Short text fragments from websites:
BEGIN

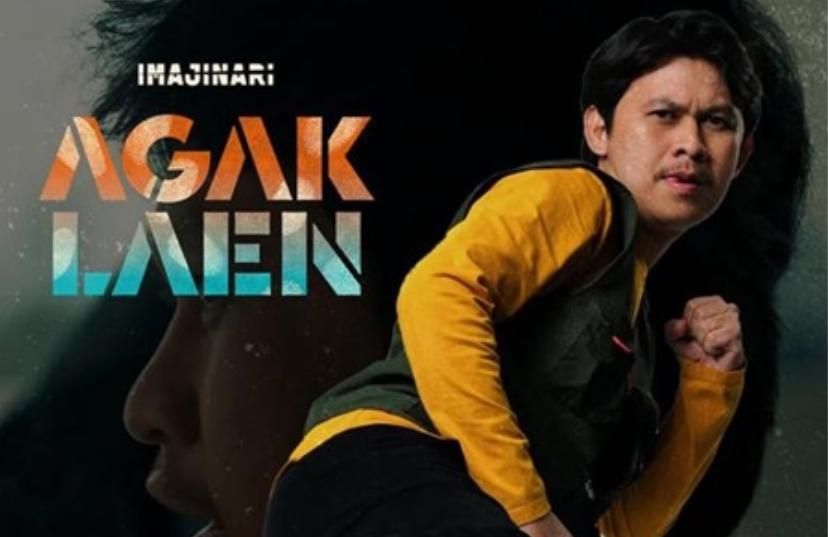 karakter film Agak Laen: Menyala Pantiku!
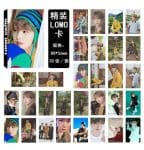 PhotoCard BTS-40275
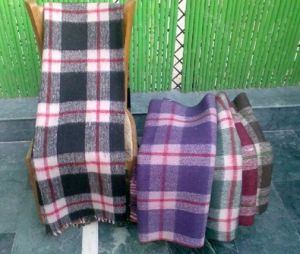 Shoddy Blankets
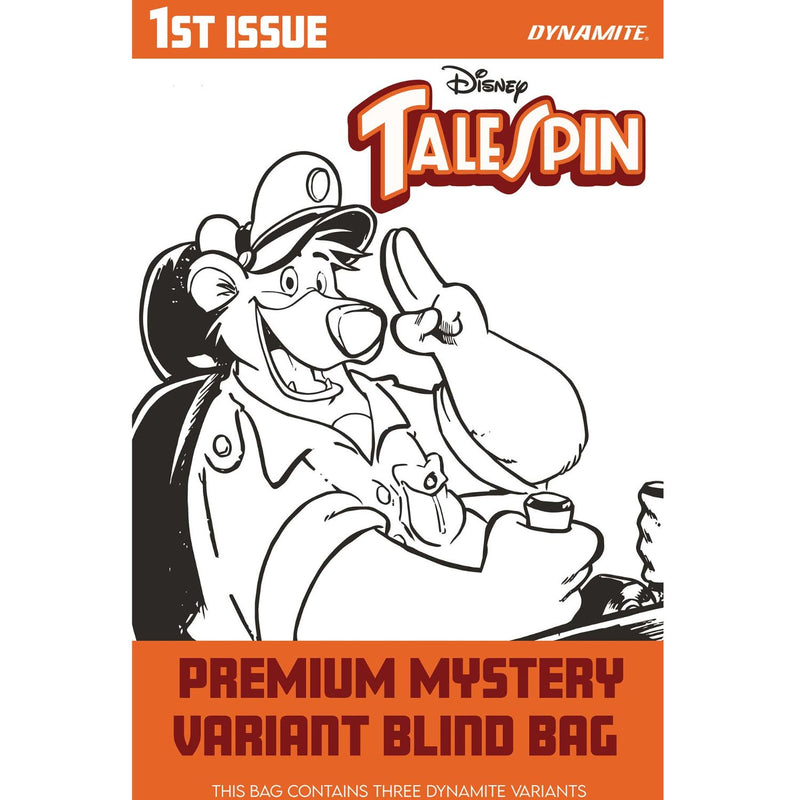 TaleSpin: #1 [Blind Bag CVR I] 2026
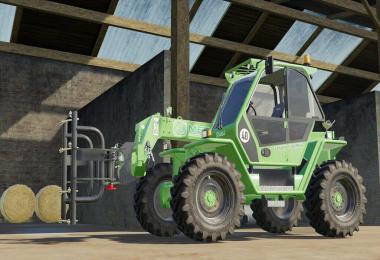 Merlo P41.7 Turbofarmer v3.0.0.0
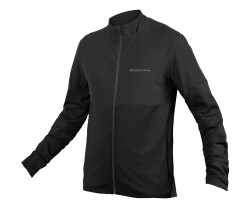 Cykeljacka Endura SingleTrack Thermal Jacket Black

END

* EXERCISE *
Your answer must be an exact copy of the records, minus any pictures.

* YOUR RESPONSE *
 karakter film Agak Laen: Menyala Pantiku!
 PhotoCard BTS-40275
 Shoddy Blankets
 TaleSpin: #1 [Blind Bag CVR I] 2026
 Merlo P41.7 Turbofarmer v3.0.0.0
 Cykeljacka Endura SingleTrack Thermal Jacket Black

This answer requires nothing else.